Não é nova a percepção que a constituição atual no Brasil, instituída em 1988, diferente de suas precedentes, apresenta pensamentos mais coletivos. De acordo com o ex-vice-prefeito do Recife e membro do diretório do PCdoB em Pernambuco, Luciano Siqueira, o diferencial se baseia nas propostas apresentadas na época. “A Constituição de 88 é ímpar, tanto em comparação com as constituições de outros países, mundo afora, como com as próprias constituições brasileiras até então”, afirmou. 

Foram sete textos da Constituição desde a primeira, há 200 anos. Mas afinal, qual a importância da Carta Magna para a construção do Brasil?
Luciano Siqueira, membro da diretoria do PCdoB. Foto: Reprodução/Júlio Gomes

Siqueira explica que a imparidade da chamada “Constituição Cidadã” se dá pela circunstância em que ela foi criada, após o fim da Ditadura Militar. “É uma peça, é um documento muito extenso. Praticamente cabe tudo no texto da Constituição. Porque a sociedade se mobilizou de maneira intensa, foram caravanas a Brasília. Então, além de certos elementos fundantes da carta constitucional, ela incorporou reivindicações das mais diversas”, afirmou. 

Mardok, por sua vez, complementa comentando alguns pontos de crítica ao texto atual, apesar de também defender o diferencial que a Carta de 88 apresenta em relação às anteriores. “O Brasil tem um problema seríssimo: nós escolhemos funcionários e operários do poder público que não conhecem nada da gestão pública. Esse é um ato falho histórico, e que nós insistimos em manter.
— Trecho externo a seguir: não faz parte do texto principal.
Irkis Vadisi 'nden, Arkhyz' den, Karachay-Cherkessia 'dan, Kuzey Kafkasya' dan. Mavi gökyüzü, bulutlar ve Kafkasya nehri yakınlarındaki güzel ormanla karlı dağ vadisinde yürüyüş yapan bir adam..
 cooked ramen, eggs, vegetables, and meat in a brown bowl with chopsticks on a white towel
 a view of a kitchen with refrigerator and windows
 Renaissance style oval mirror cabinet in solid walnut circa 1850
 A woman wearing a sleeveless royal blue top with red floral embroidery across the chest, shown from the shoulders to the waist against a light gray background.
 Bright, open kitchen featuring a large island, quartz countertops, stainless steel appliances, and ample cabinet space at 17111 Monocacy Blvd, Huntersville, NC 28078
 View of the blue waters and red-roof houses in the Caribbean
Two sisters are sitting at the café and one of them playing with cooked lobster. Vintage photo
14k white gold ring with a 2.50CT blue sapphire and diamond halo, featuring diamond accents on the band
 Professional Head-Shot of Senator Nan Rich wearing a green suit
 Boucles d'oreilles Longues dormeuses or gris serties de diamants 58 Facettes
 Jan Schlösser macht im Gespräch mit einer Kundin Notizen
Ou seja, quem fez a carta de 88 eram políticos que não tinham a menor habilidade do campo legal, jurídico ou doutrinário. (…) então o texto de 88 foi moderno, mas foi prolixo, foi redundante”, observou. 

Uma nova Constituição será necessária? 

Apesar das inovações levantadas pela constituição federal de 1988, carregando consigo uma série de demandas dos mais diversos segmentos da sociedade, é comum encontrar quem defenda que o texto original já não é mais o mesmo. É o que argumenta Luciano Siqueira ao comparar com a quantidade de emendas existentes nos dias de hoje. “Se for olhar o texto vigente hoje com o texto aprovado em 88, do ponto de vista progressista, democrático, é possível dizer que a Constituição foi ‘dilapidada’, em boa parte. Não só com emendas à Constituição, mas há também um conjunto de dispositivo legais, da chamada legislação infraconstitucional, que na prática impede que muitos ideais de 88 sejam levados à prática”, ponderou. 

“É preciso que o cidadão brasileiro saiba o real valor do poder que ele tem no voto. Porque, caso contrário, vamos repetir os erros, e nós vamos ter uma nova carta, que vai ser redundante e prolixa, e nós vamos ter uma nova sociedade que vai assistir”, finalizou Mardok.